Dalam konteks ini terkadang kita tidak menyadari kekuatan trust yang sudah terbangun yang akan membuat konsumen balik lagi ke toko virtual kita. “Orang secara alamiah butuh kepastian. Tentu ada rasa deg-degan ketika belanja di internet apakah barang yang ia beli itu sesuai dan cocok untuknya. Maka, jangan pernah jutek ketika seorang calon konsumen bertanya ini itu kepada Anda,” kata Tuhu, sambil menyarankan untuk menuliskan di profil bahwa Anda melayani pertanyaan apa pun dari konsumen.
Kalau mau jujur, hal ini belum banyak disadari penjual karena bila kita browsing ke banyak lapak --terutama di media sosial-- banyak yang menulis tidak melayani hit and run, atau tidak membalas komen. Padahal, ketika kita bersikap demikian ibaratnya Anda memiliki toko, tapi tiap ada calon pembeli datang, Anda menyambut dengan muka jutek dan ogah-ogahan ketika ditanya-tanya.

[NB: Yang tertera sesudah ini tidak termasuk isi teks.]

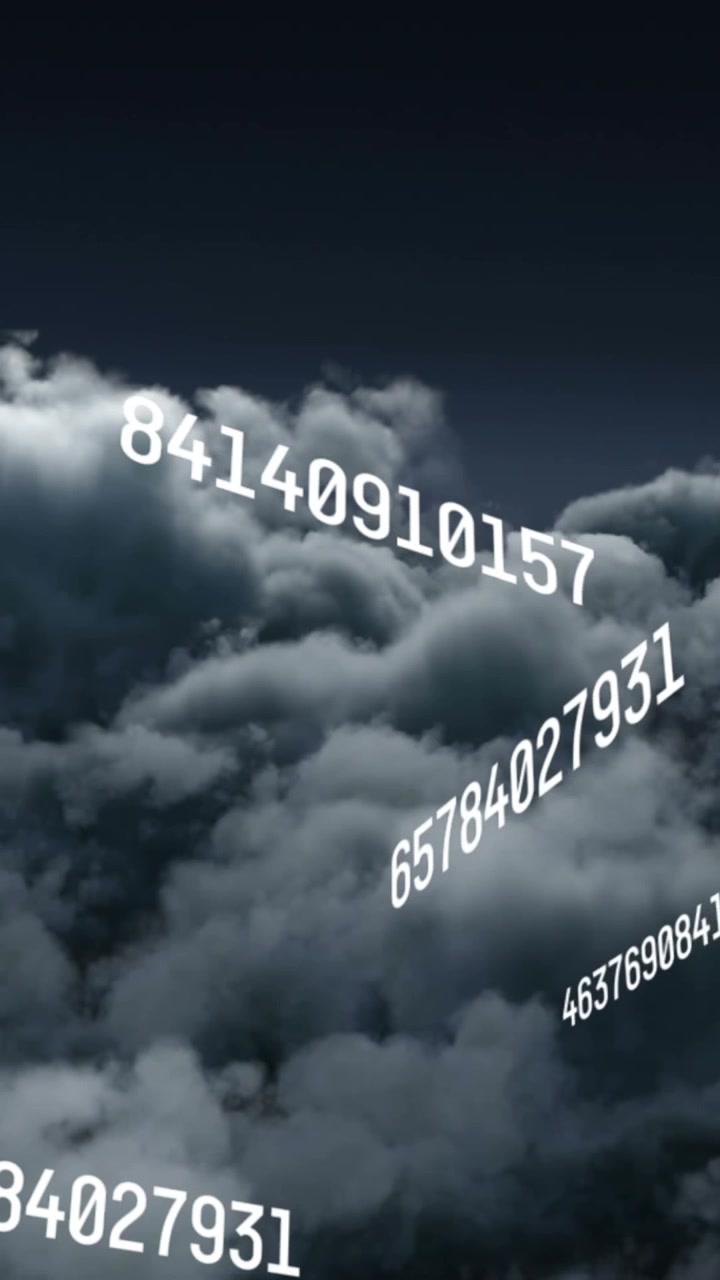 Animazione di vari numeri che cambiano che fluttuano su nuvole scure nel cielo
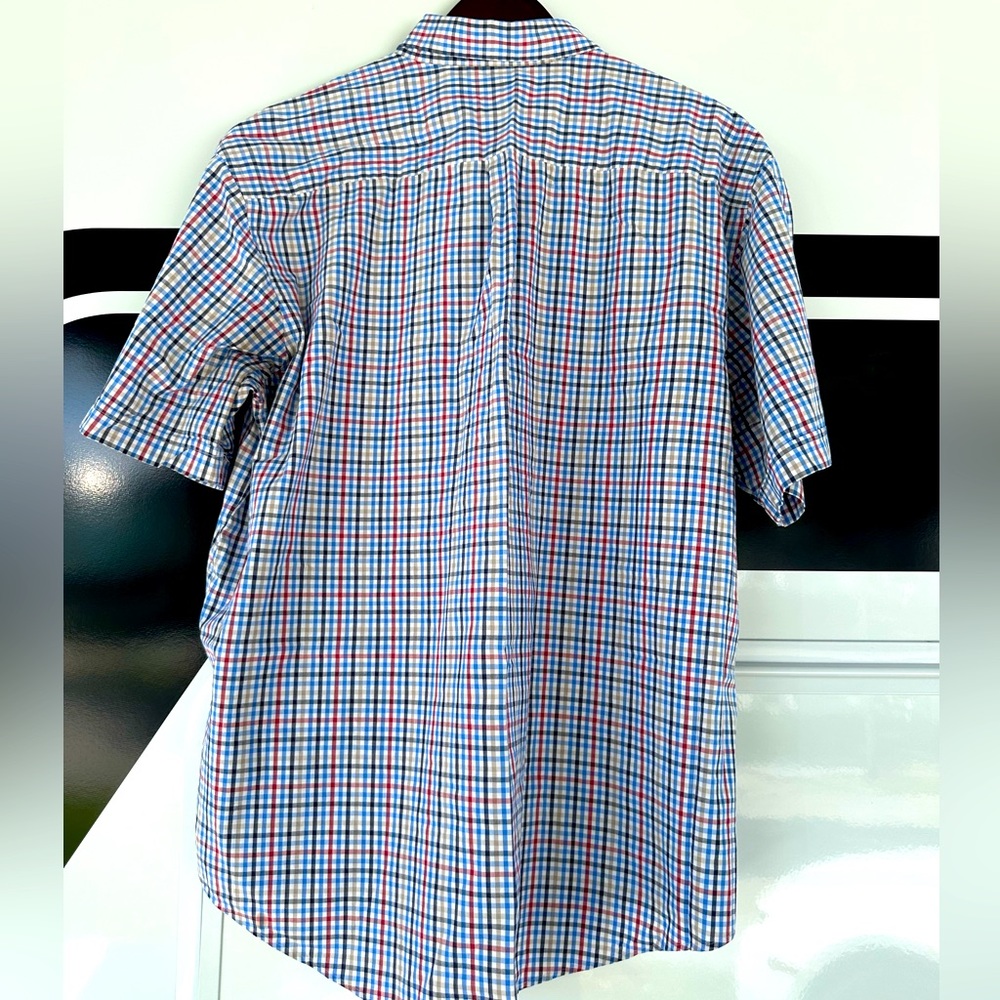 Like New Arrow Button down Size 2XL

“Paham, sih, memang capek menjawab pertanyaan yang mungkin dalam satu hari bisa puluhan pertanyaan yang itu-itu saja. Tapi, kalau mau jadi penjual memang harus ramah, bukan?” kata Tuhu. Karena, terkadang calon konsumen yang paling cerewet itu bisa membeli borongan, lho.

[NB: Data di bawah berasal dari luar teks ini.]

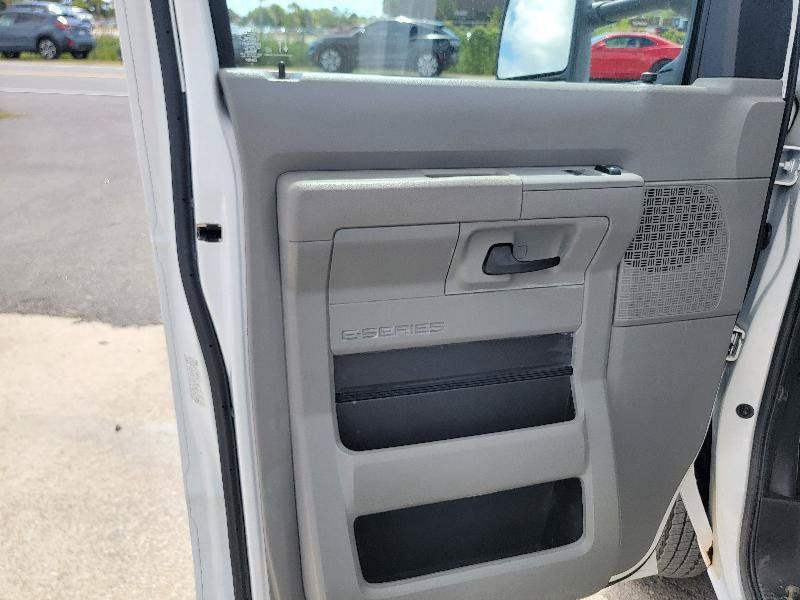 Used 2022 Ford E-350 and Econoline 350 Super Duty w/ Power Windows & Locks Group RWD image 10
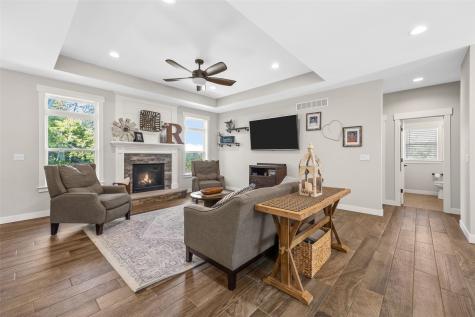 22402 102nd Street Anamosa IA 52205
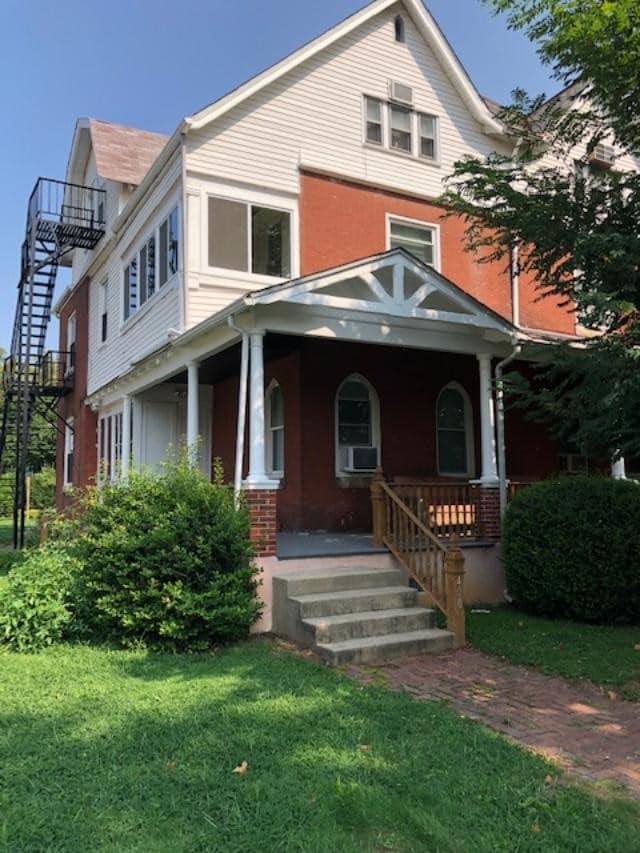 2nd Floor. 2 Bd Rm Apartment - 400 E 19th St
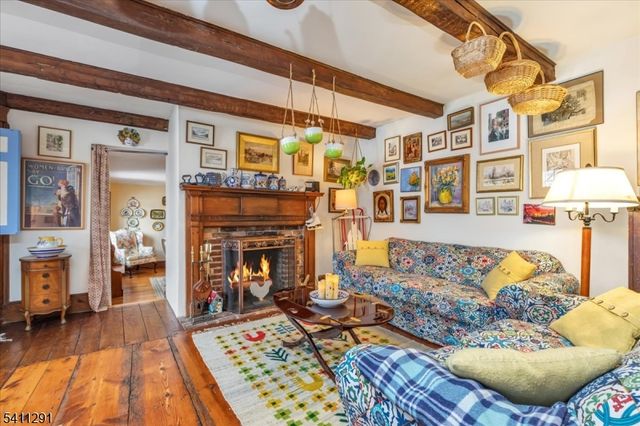 18 Wyckoff Pl, Franklin Twp., NJ 08823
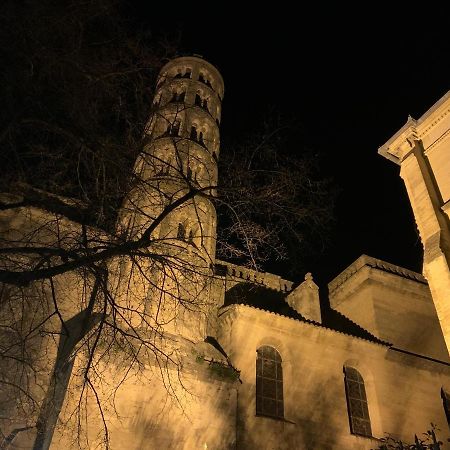Appartement De Charme Dans Le Coeur Historique D'Uzes Exterior photo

Benar, interaksi yang personal di lapak virtual memang time consuming. Apalagi buat pebisnis UKM yang menjadi Chief Everything Officer alias segala hal masih dikerjakan sendiri. Bila tidak bisa mengurus sendiri, Tuhu menyarankan untuk menggaji orang sebagai admin. “Sudah ada, sih, mesin penjawab yang bisa menjawab pertanyaan standar dengan jawaban standar juga. Tapi, setahu saya sudah ada start-up yang mengembangkan mesin penjawab yang bisa menjawab dengan bahasa yang sudah luwes mirip manusia,” ujar Tuhu.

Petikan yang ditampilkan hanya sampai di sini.